Cow protection and beef ban has become the biggest source of poison in the society. India should abandon the idea of cow protection and remove ban in beef eating in all states. If some Hindus don’t want to eat beef, it is their freedom not to, is some other people want to eat beef it is choice to make. No one has the right to dictate what others should eat or not eat. It does not matter whether beef was eaten by Hindus historically or not. It is completely irrelevant.

However, public display of cow slaughter should be banned. Freedom of religious practices does not mean public display of all those practices. Actually, public display of all cruelty to animals should be banned and dealt with stringent punishment.

The so-called economic reasons for cow protection are no longer valid. Worship of cow by some sections of Hindu society is their private matter. No one is stopping them from continuing their token worship of offering a roti to cows. But they have no right to dictate others to treat cow in the same manner. Therefore, eating beef and production of cow meet should be allowed exactly as production of goat meet is allowed. If some misguided Hindus resist it, they should be dealt with sternly and all state might should be used to curb any unrest they create.

  • Uniform civil code

Democracy is premised on the assumptions (i) that humans can learn to decide for themselves the kind of life they want to lead, (ii) that they can make efforts to realise the kind of life they choose, and (iii) that they can learn to bear the responsibilities of their choices and actions. Therefore, (vi) they should be given the maximum scope to decide for themselves. This leads to democratic values like freedom, equality, justice, fraternity, etc. The fundamental rights that emerge in this discourse are rights guaranteed for the individuals and not for the communities.

As a result, any custom or religious injections that are imposed by the communities, and which encroach upon fundamental rights of persons (as individuals) are necessarily unacceptable in a democracy. Which means that all citizens in a democratic country are to be governed by the same laws. A democracy can not afford different laws for different sections of people. Therefore, uniform civil code is a necessary condition for a democracy to function properly.

However, if some people want to live life according to their community codes, democratic state cannot stop them voluntarily surrendering some (not all, for example right to life cannot be surrendered) of their fundamental rights to the community structures. But the state can not recognise any alternative legal systems.

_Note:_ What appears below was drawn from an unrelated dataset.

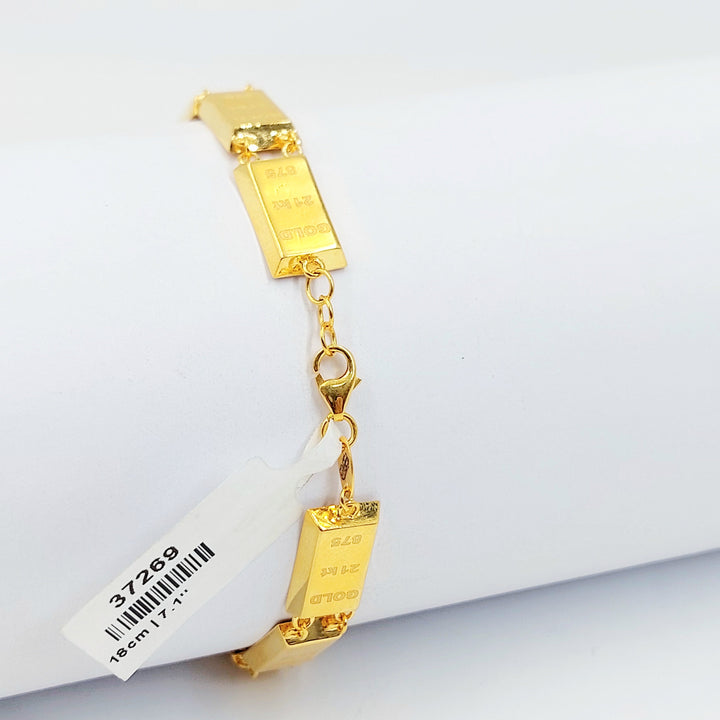 Deluxe Ounce Bracelet Made of 21K Gold by Saeed Jewelry 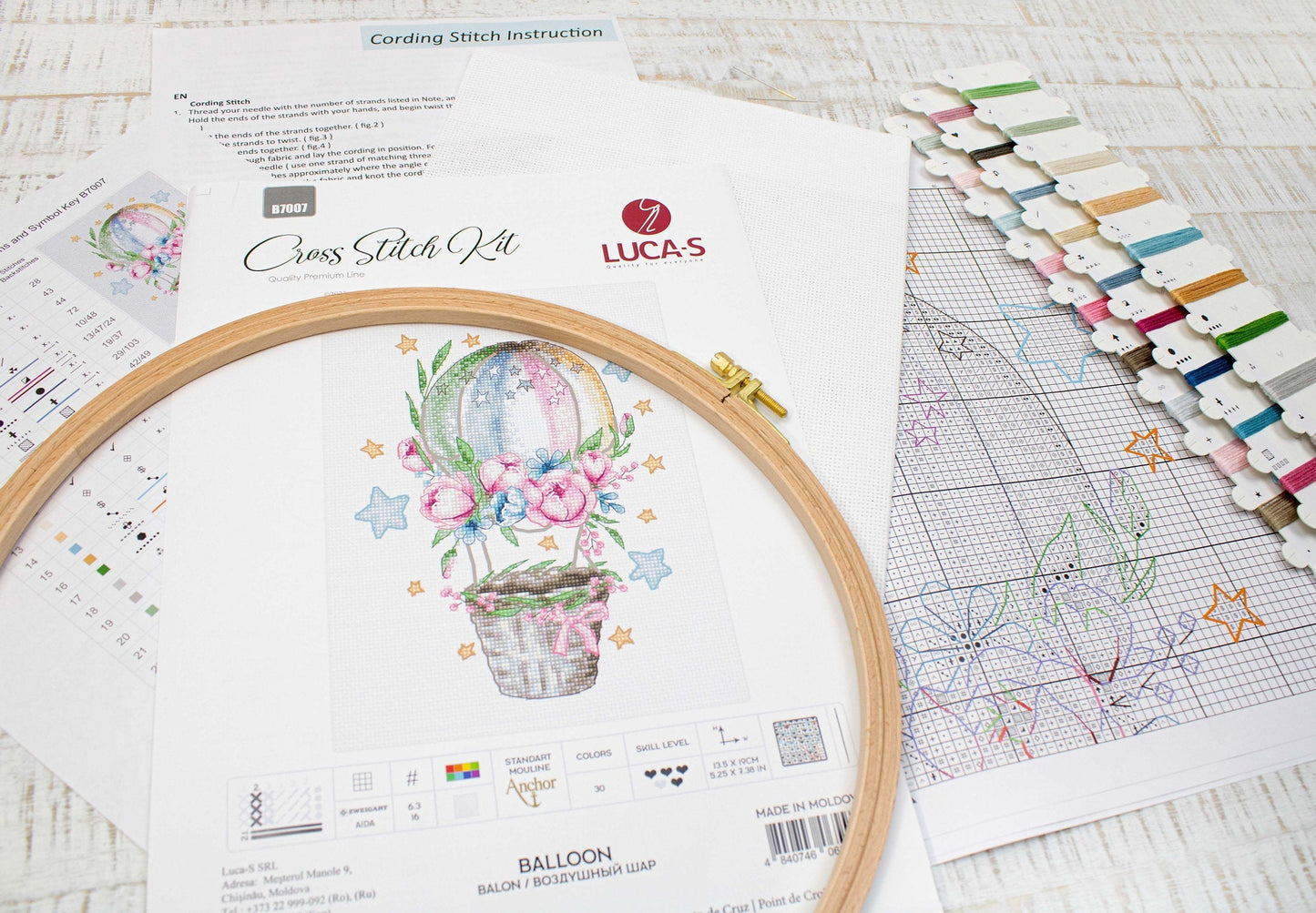 Cross Stitch Kit Luca-S - Balloon - HobbyJobby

That leads to the conclusion that there can be no place for personal civil codes be they Hindu, Muslim and any other. No community, including Muslims, has the right to be adamant regarding personal civil code. No state within a state can be allowed. So, uniform civil code should be adopted by the country even if some adamant people continue to oppose it.

  • Religious Conversions

India is a secular democracy which gives every citizen the right to practice and propagate one’s religion. Therefore, freedom to change religion has to be protected, even if Hindus don’t like it. If they feel threated by conversions for genuine change of faith by an individual, they should strengthen their on social fabric and religious education. Blaming others will not do.

But conversion also has issues. Whether we accept it or not there are many conversions happening due to material allurements. And also, various kinds of pressures. Such conversions should definitely be stopped. In the process of conversion denigration and insulting remarks for religions and publication of false interpretations and deliberate lies are order of the day. Such practices have to be curbed.

At a different level, we should also recognise the violence inherent in attempts to convert others. Conversion is an act of cultural and social uprooting, and much of what goes in the name of social service when directed at conversions becomes an act of bigotry. However, it is constitutionally allowed, therefore, has to be protected. The zeal of Abrahamic religions to convert the whole world has shed much blood through out the world, and will be a continued source of tension in India for a long time. The state should make sure that there is no hindrance in changing one’s faith for genuine reasons and there are no pressure and allurements involved.

  • Freedom of speech

Indian constitution guarantees “liberty of thought, expression, belief, faith and worship”. I am interpreting the ‘expression’ part as freedom to speak one’s mind, ‘freedom of speech’. We hear every day that the government is curbing freedom of speech, this claim is made in connection with intolerance of criticism of the government, BJP, RSS, and PM Modi. However, the loud proclamations of this statement itself and many other much harsher on the government and the PM give a lie to such claims. At the same time, there are TV channels which do not allow the counter view to be articulated at all, and I am sure that is because of the pressure from the government. That is because the media houses come under pressure from the government. Undoubtedly, here the government is guilty.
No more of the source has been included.